■ Try it:
Copy out the entire listing below exactly, but without its pictures.

■ Data below:
● ● ●
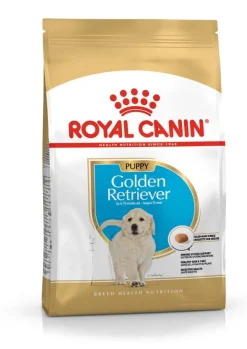 Royal Canin Golden Retriever Puppy Alimento Seco 12kg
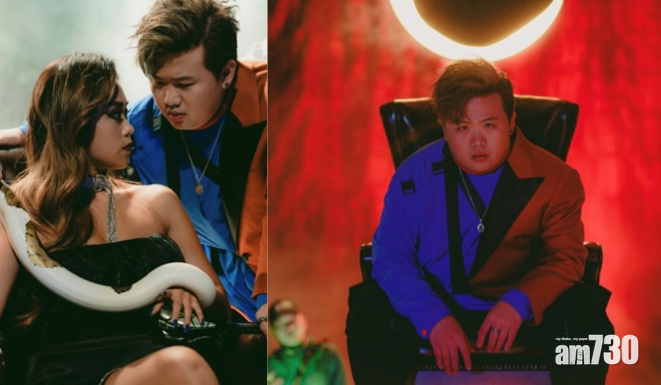 肥仔專訪｜肥仔@ERROR 單飛獲許廷鏗助攻  欣宜令新歌MV有遺憾？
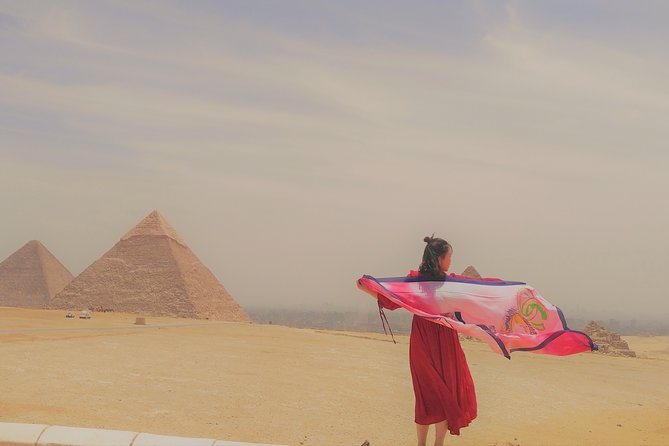 Private Day Tour to The Pyramids & Egyptian Museum & Old Cairo - Itinerary Overview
● ● ●
■ Result:
 Royal Canin Golden Retriever Puppy Alimento Seco 12kg
 肥仔專訪｜肥仔@ERROR 單飛獲許廷鏗助攻  欣宜令新歌MV有遺憾？
 Private Day Tour to The Pyramids & Egyptian Museum & Old Cairo - Itinerary Overview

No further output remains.